Direct Exploration

While we can learn a lot from other people, such as from books, courses, classes, and online resources, I often find it valuable to learn from direct experience, even when doing so is slower and more error-prone.

There’s something special about exploring in the dark, gradually figuring out your own ways to accomplish something instead of having ready-made solutions spoon fed to you.

You can always look up a recipe for any dish you can imagine, but it can be more rewarding to set the cookbooks aside and bumble your way through. Maybe you’ll discover a dish you really like making. One of my favorites – the ultimate rice bowl – wasn’t discovered in any recipe book. I figured it out from personal experimentation. It’s simple and easy to make, and I love making it now and then. And since I figured it out myself, I also know many different ways to vary the recipe and have it still work, and my understanding of rice bowls is more robust because of that. I feel more confident and competent in this area because I’ve mapped much of the territory personally, as opposed to relying on a guide to tell me the highlights.

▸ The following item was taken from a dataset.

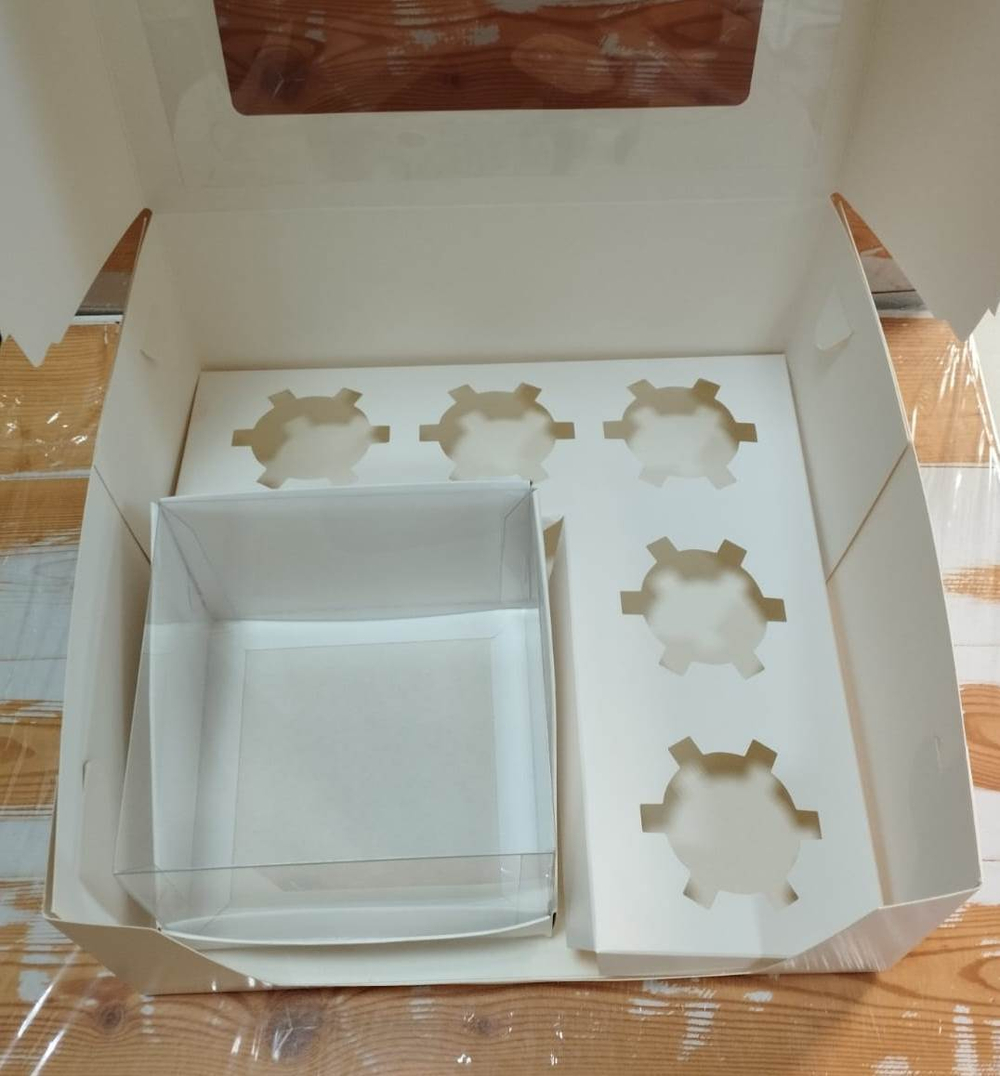 Коробка для 5 капкейков с местом под бенто.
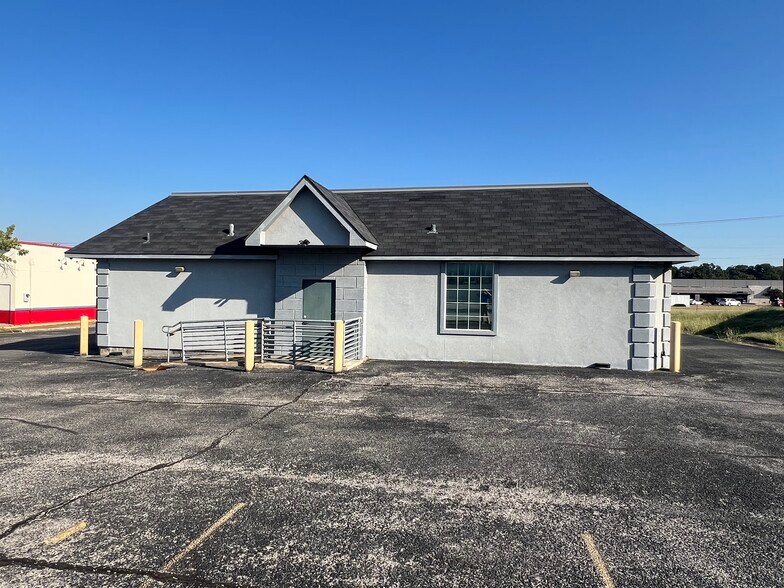 1800 W Pioneer Pky, Arlington, TX à louer - Photo de l’immeuble – Image 2 sur 10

The risks of experimenting on your own include making more mistakes, getting stuck in pitfalls you could have avoided, and doing extra work to “reinvent the wheel.” But even when you’re rediscovering what’s already known to many other people, the personal experience of discovery can be more rewarding, and your knowledge will likely be less fragile. Your discovery of the wheel will be uniquely your own – and a lot more special than just buying a wheel.

Many years ago I decided to build my own PC by buying all the component parts from various sources and assembling it myself – motherboard, CPU, RAM chips, graphics card, hard drive, case, power supply, etc. It wasn’t worth the effort to save a little money, but I felt a special connection to that PC for years because I assembled it myself. It wasn’t just some mass market machine I’d bought from Dell. And the machine I built worked better and lasted longer than the pre-built ones I bought around the same time.

This month I’ve been experimenting with music composition again, mostly by messing around in Logic Pro. There’s a lot I don’t understand about how to layer a composition, so some of my experiments didn’t sound very good. But even though I could learn this skill faster from people with experience, I like fumbling around to see what I can figure out on my own. The discoveries feel more rewarding when I stumble upon them versus if I learn them from someone else.

This skill comes in handy in business too, especially when diving into something new. I didn’t know how to generate income from blogging when I first started in 2004 because blogging was still relatively new. So I experimented with income generation to figure how to make my work financially sustainable. I still got ideas from other people, but I had to test them in different ways to understand how to apply them to my business. Since I directly experimented a lot, I now know many effective ways to cover expenses and then some, so I feel confident and secure with income generation too. It’s just another rice bowl to me.

When you learn from other sources, you may acquire knowledge that’s more structured but also more fragile and rigid. You probably won’t gain the range and flexibility that comes from direct personal exploration.

I have degrees in computer science and mathematics, but what I learned in school wasn’t very helpful when I set out to design and program computer games. Most of the academic knowledge I’d gained was way too narrow and brittle. I advanced faster by studying programming on my own – often just by messing around to see what I could do. I also coded in different languages and on different types of devices. I learned so much more about coding by tackling dozens of small projects than by studying techniques from others. And learning coding on my own was way more fun, engaging, and interesting than formally studying it in school.

This isn’t an either-or proposition. Learning from others can be immensely valuable too. I’ve had some wonderful breakthroughs on that side as well. Just watch out for areas of life where you lean too heavily on the side of structured study and overlook the incredible long-term value of direct exploration. Use formal study to seed your own experimentation, not as a replacement for it.